The cast of ALICE in WONDERLAND   –   photo by David Cooper


In this larger-than-life production, director Peter Hinton, pays attention to the slightest detail – with wonderful support from his creative team – Eo Sharpe’s inventive set design, the creative and dazzling costumes by William Schmuck, the skillful and magical projections designed by Beth Kates and Ben Chaisson, and the highly effective lighting by Kevin Lamotte. These touches all add to the power of the dramatic narrative.
The musical direction, by Allen Cole, and conducted by Paul Sportelli, also enhance the production, as does the choreography by Denise Clarke. There is even “flying by Foy.” The play is a multi-media production that does not overpower the poignancy and humour of the script.

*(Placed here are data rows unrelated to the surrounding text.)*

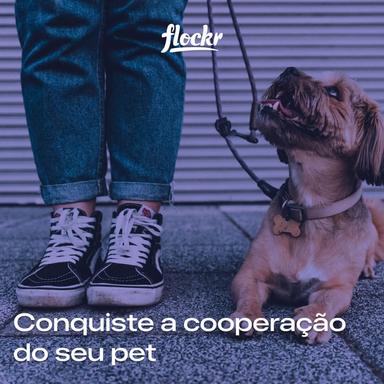 Conquiste a cooperação do seu pet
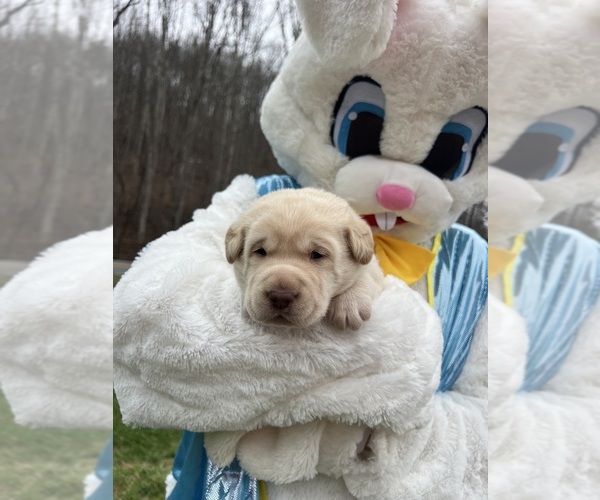 Medium Photo #4 Labrador Retriever Puppy For Sale in NEOLA, WV, USA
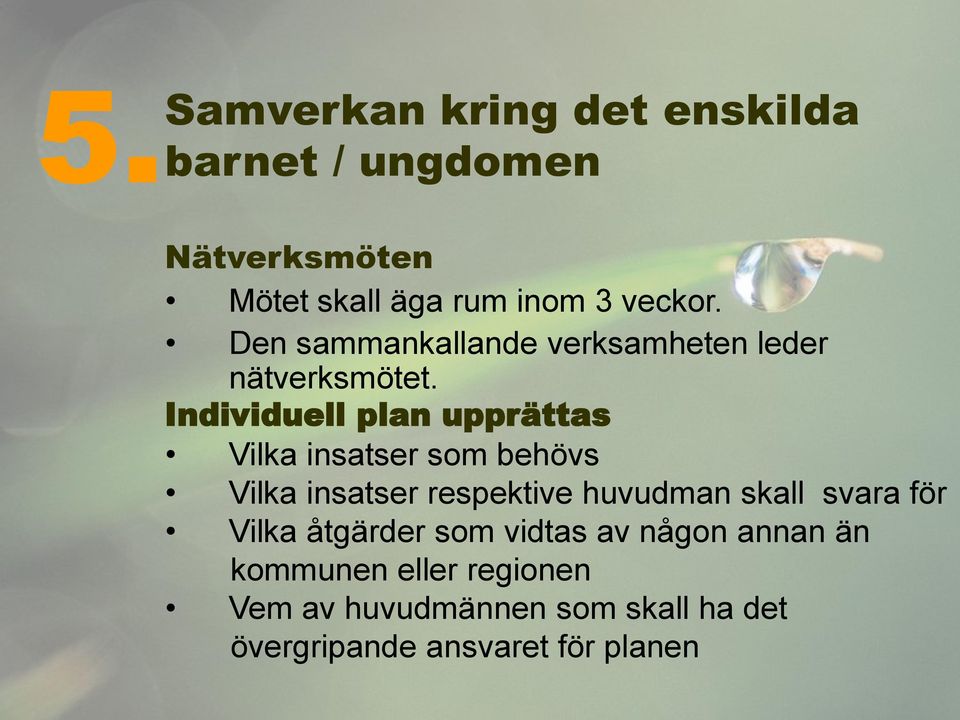 Individuell plan upprättas Vilka insatser som behövs Vilka insatser respektive huvudman skall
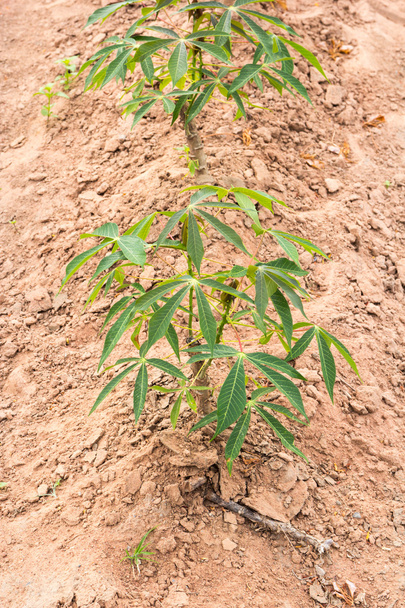 Cassava řízky zástrčka - Fotografie, Obrázek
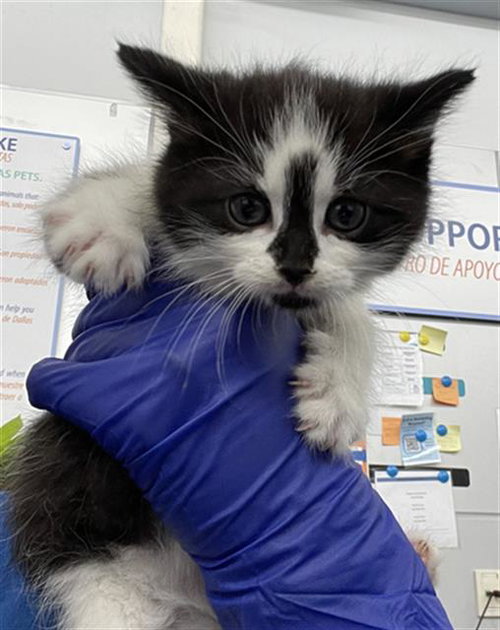 STITCH, Baby Domestic Short Hair (medium coat), cat for adoption in Hurst, Texas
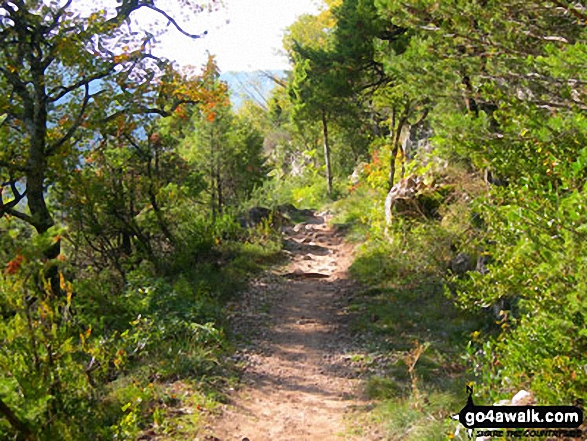 Walking trail in the Parc Naturel Regional des Grands Causses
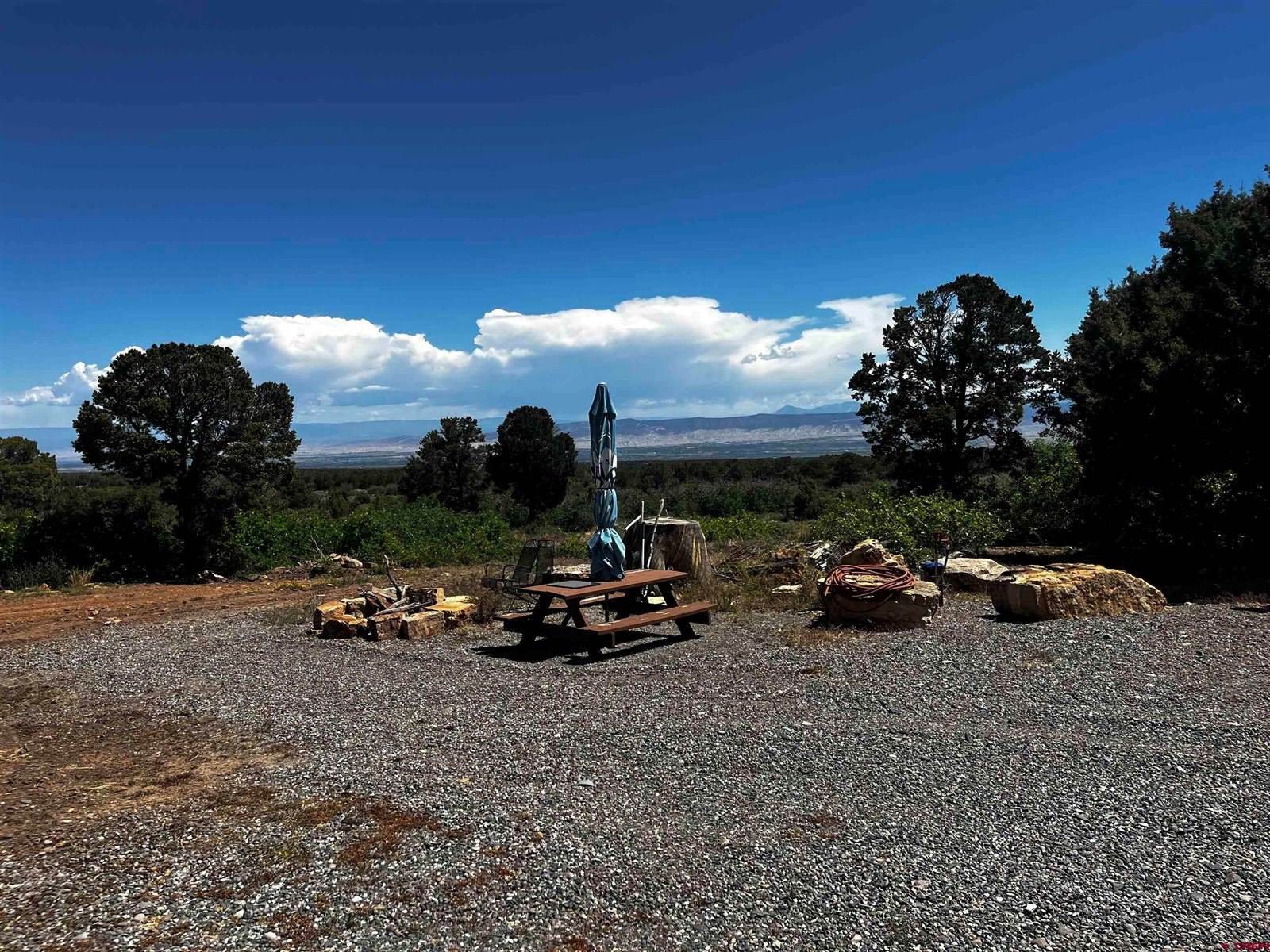 1165 TIMBER RIDGE Road, Montrose, CO 81401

The cast is large, with most actors taking multiple roles. Alice, played with passion and grace by Tara Rosling, holds the show together. We see the world from her perspective – even as she grows curiously larger and smaller (done in amazing ways). It is refreshing to see an Alice with short, bobbed hair; according to a publicity video, the real Alice may, mischievously, have cut her own hair short in defiance of Victorian norms.  Graeme Somerville plays a kindly Dodgson, and also does two wonderful turns as the Mad Hatter and the Mock Turtle.  The Mad Tea Party, featuring Kyle Blair as the March Hare and Patty Jamieson, as the long-suffering Dormouse, is one of the highlights of the show – containing both absurdity and intense emotion.

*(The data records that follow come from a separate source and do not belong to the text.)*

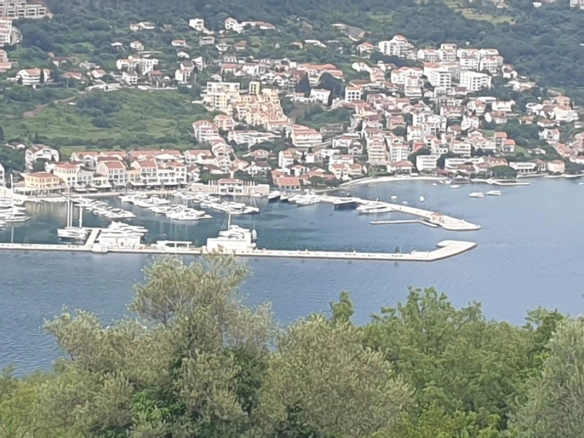 Luštica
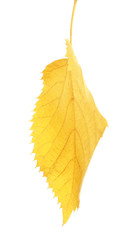 Beautiful autumn leaf on white background. Fall foliage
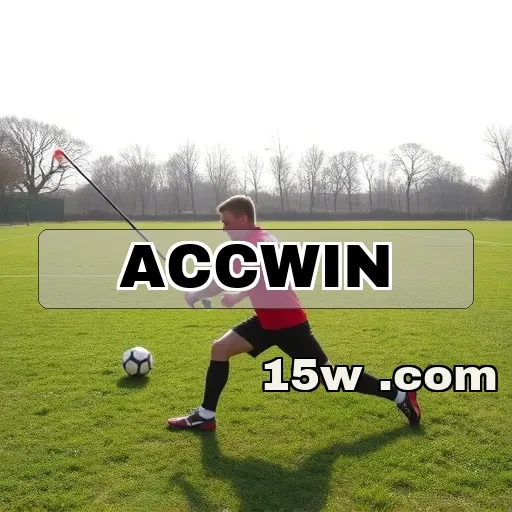 accwin: Mergulhe no Mundo dos Jogos de Mesa e Surpreenda-se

Also dazzling is the choreographic device of having the Caterpillar played by six men, each reclining on the other to make up the caterpillar’s segmented body.  Donna Belleville is wonderful as the Duchess, both ascorbic and touching, and Jennifer Phipps is a delicious Cheshire Cat (grin and all).  Moya O’Connell is properly dogmatic as the Queen of Hearts (“off with her head!”) and solicitous as Alice’s mother.  Ben Sanders is a fussy, likeable White Rabbit.
The first act, with its more surrealistic, dreamlike and wondrous elements, was more engaging than the second – in which Alice learns some life-lessons – in a satire of politics and the law. In both acts, Carroll’s own puns and plays on words are highlighted. Musicality and non-rationality become more important than morals and meaning. In the end, Alice returns to her Victorian world – but with a new vision. She has grown up – but she has also experienced childhood in a wonderfully new way.
This play would best be suited to children age 10 and up.  Younger ones might lose focus, or be overwhelmed, but older children, adolescents, and adults are most welcome at SHAW’s wonderland !
 “Alice In Wonderland” is playing at the Festival Theatre in Niagara-on-the-Lake until October 16th.